■ What this task involves: Reproduce from the records below, with no pictures, exactly the lines between the one containing "শহীদ বুদ্ধিজীবীদের প্রতি" and the one containing "Set Sitzbezüge ab", inclusive.

■ Supplied data:
-*-*-
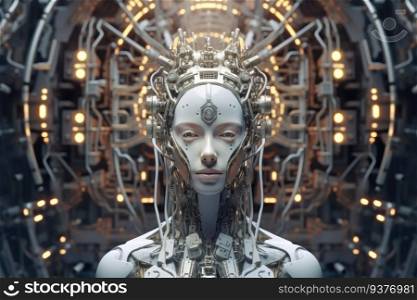 Dream of the machine, science fiction female artificial intelligence. Generative AI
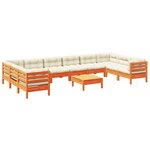 vidaXL Salon de jardin avec coussins 11Pièces cire marron bois pin massif
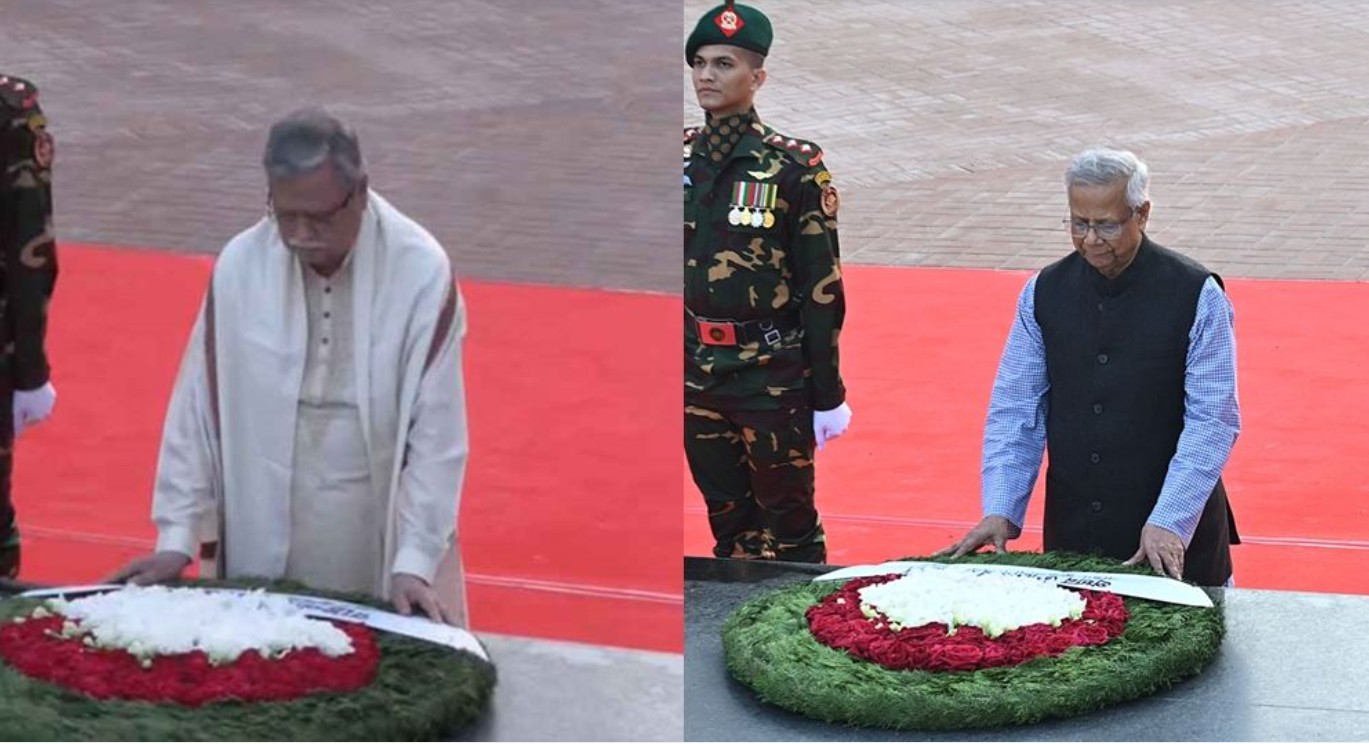 শহীদ বুদ্ধিজীবীদের প্রতি রাষ্ট্রপতি ও প্রধান উপদেষ্টার শ্রদ্ধা নিবেদন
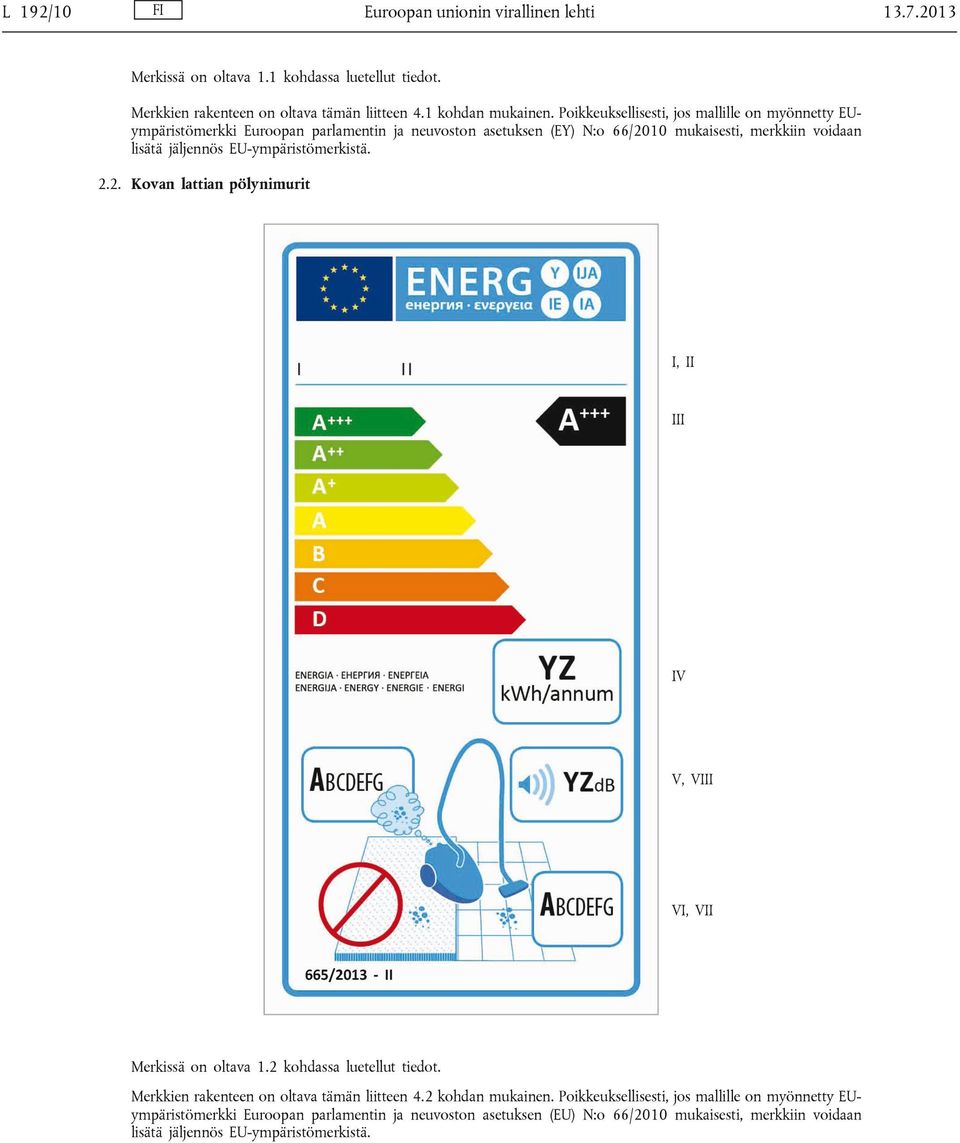 EU-ympäristömerkistä. 2.2. Kovan lattian pölynimurit Merkissä on oltava 1.2 kohdassa luetellut tiedot. Merkkien rakenteen on oltava tämän liitteen 4.2 kohdan mukainen.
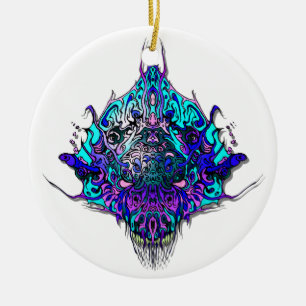 Alien Head - blue and purple Ceramic Ornament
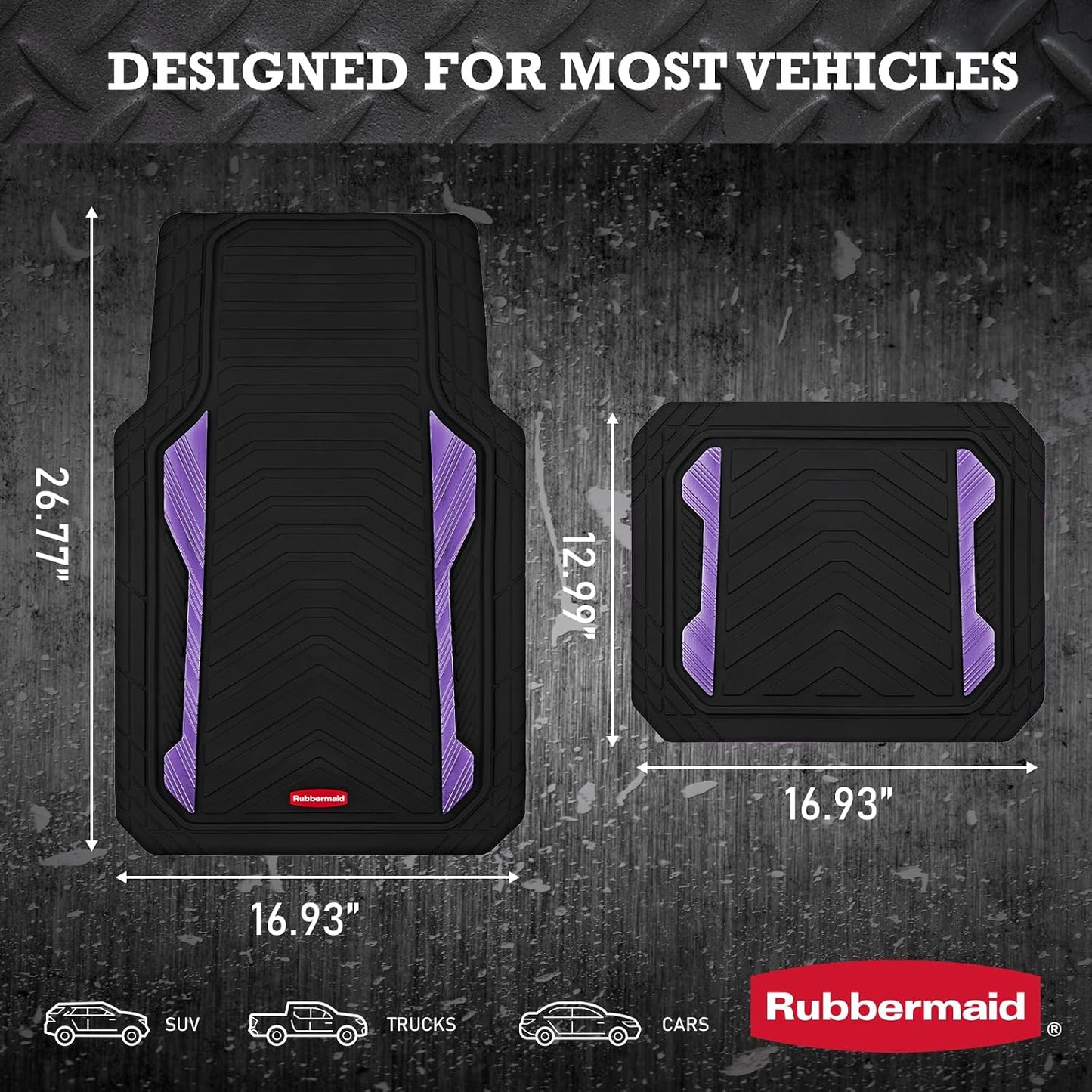 Rubbermaid Car Floor Mat, Heavy Duty All-Weather Car Mats Full Set with Dual-Tone Purple Aluminum Inserts – Universal Fit, Anti-Slip Backing, Trim-to-Fit for Most SUV, Sedan, Van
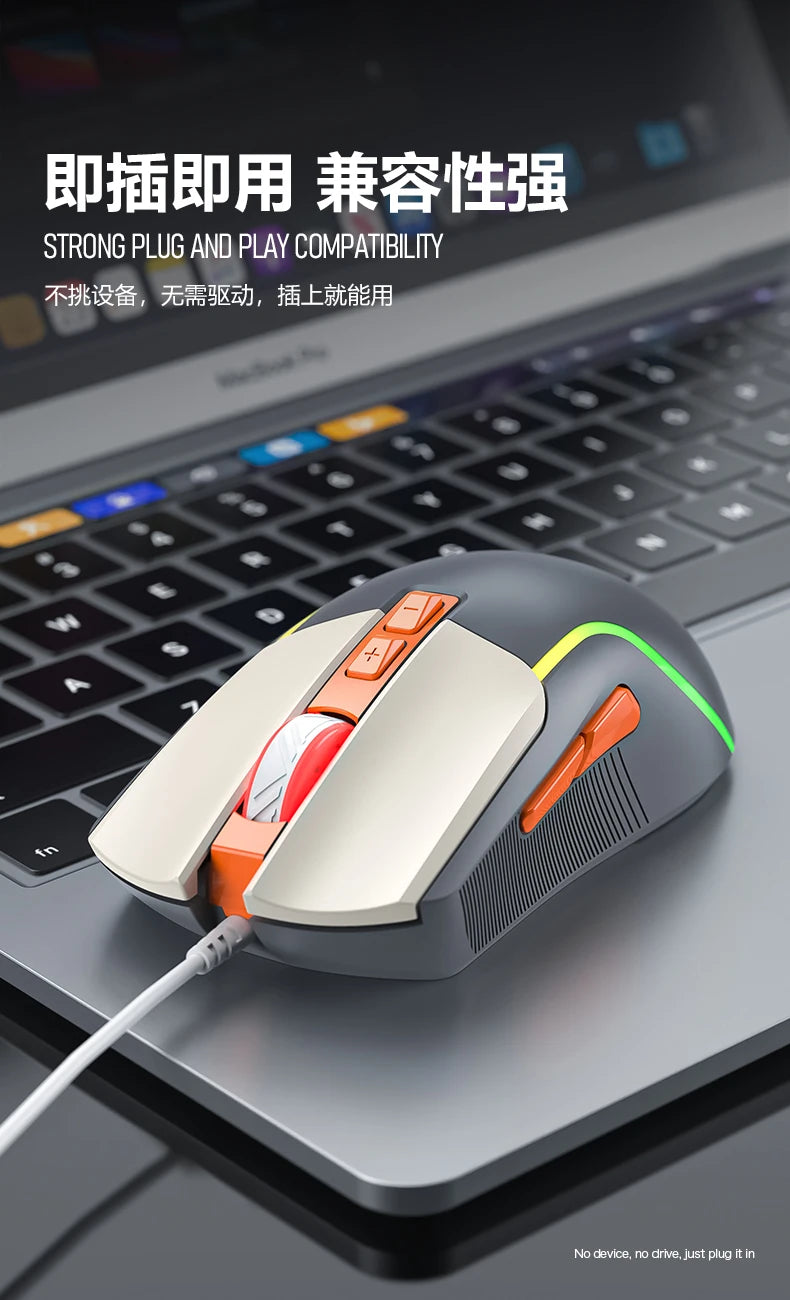 SMAILWOLF M18 RGB Gaming Mouse – Wired USB Ergonomic E-Sports Mouse for PC & Laptop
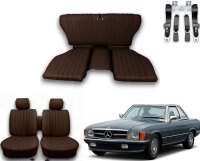 Set Sitzbezüge ab Bj. 85 + Rückbank klappbar + Gurte für Mercedes SL 107 Braun
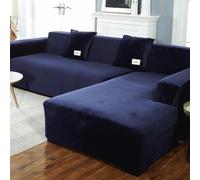 Copridivano in velluto elasticizzato tinta unita per divano componibile da 1 a 4 posti, copertura per mobili a forma di L, colore blu scuro, resistente ed elegante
-*-*-
■ Written answer:
 শহীদ বুদ্ধিজীবীদের প্রতি রাষ্ট্রপতি ও প্রধান উপদেষ্টার শ্রদ্ধা নিবেদন
 EU-ympäristömerkistä. 2.2. Kovan lattian pölynimurit Merkissä on oltava 1.2 kohdassa luetellut tiedot. Merkkien rakenteen on oltava tämän liitteen 4.2 kohdan mukainen.
 Alien Head - blue and purple Ceramic Ornament
 Rubbermaid Car Floor Mat, Heavy Duty All-Weather Car Mats Full Set with Dual-Tone Purple Aluminum Inserts – Universal Fit, Anti-Slip Backing, Trim-to-Fit for Most SUV, Sedan, Van
 SMAILWOLF M18 RGB Gaming Mouse – Wired USB Ergonomic E-Sports Mouse for PC & Laptop
 Set Sitzbezüge ab Bj. 85 + Rückbank klappbar + Gurte für Mercedes SL 107 Braun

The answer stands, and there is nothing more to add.